There is at present a growing industrial demand for ultrafine metal powders, i.e. powders having a particle diameter smaller than 10 microns. Presently only about 1% to 3% of the particles of industrially produced powder is within this ultrafine size range, making the cost of such powders verh high. Accordingly, there is a need to develop gas atomization techniques which can increase the yield of such ultrafine powder, and to narrow the particle size distribution.
The diameter of the particles and the size distribution are influenced by the surface tension of the melt from which the powder is produced. For melts of high surface tension, for example copper and copper alloys, production of fine powder is more difficult and consumes more gas and more energy.
Methods for the production of fine powder find particular usefulness in the field of rapid solidification materials. It is known that the rate of solidification of a molten particle of relatively small size in a convective environment such as a flowing gas is roughly proportional to the inverse of the diameter of the particle squared. Accordingly, if the average size of the diameter of the particles of the composition is reduced then the rate of cooling is increased dramatically. This property becomes particularly important in the production of amorphous metal and metal alloys. By producing metal powders having a narrow size distribution and a high percentage of ultrafine powders, novel amorphous and related properties may be achieved. Also, novel properties may be achieved in the production of superalloys.
Further, the achievement of smaller particle size and narrow size range can have advantages in the consolidation of materials by conventional powder metallurgy, resulting in a higher packing density and a higher sintering rate.

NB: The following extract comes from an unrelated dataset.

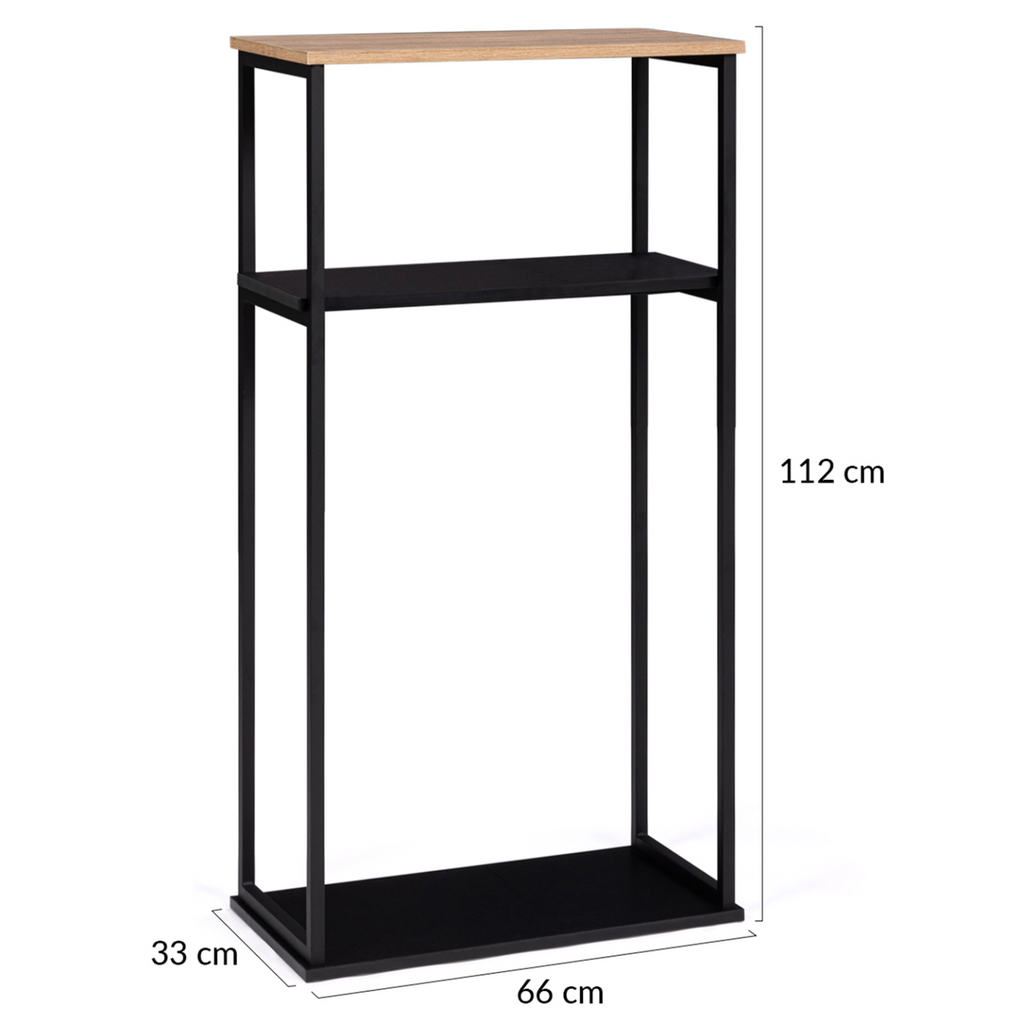Range bûches vertical large avec 2 étagères 33 x 66 x 112 cm pour cheminée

Recently, much experimentation has been performed to improve the atomization process. For example, various gas nozzles have been developed which use an ultrasonic, pulsed gas flow to atomize the melt. Other researchers have stated that high pressure gas flow directed in such a way as to produce aspiration or low pressure conditions at the melt outlet increases the production of fine powders, the percent of fines increasing with increasing aspiration. However, no method has as yet been successfully adapted to consistently and predictably produce a high percentage of ultrafine metal or metal alloy powder on a commercial scale.
The present invention presents to the art a method for atomizing molten metals and metal alloys, particularly high surface tension metals and metal alloys, to produce an amorphous ultrafine metal or metal alloy powder of which at least 30%, and usually at least 50% by weight has an average particle diameter of less than 10 microns.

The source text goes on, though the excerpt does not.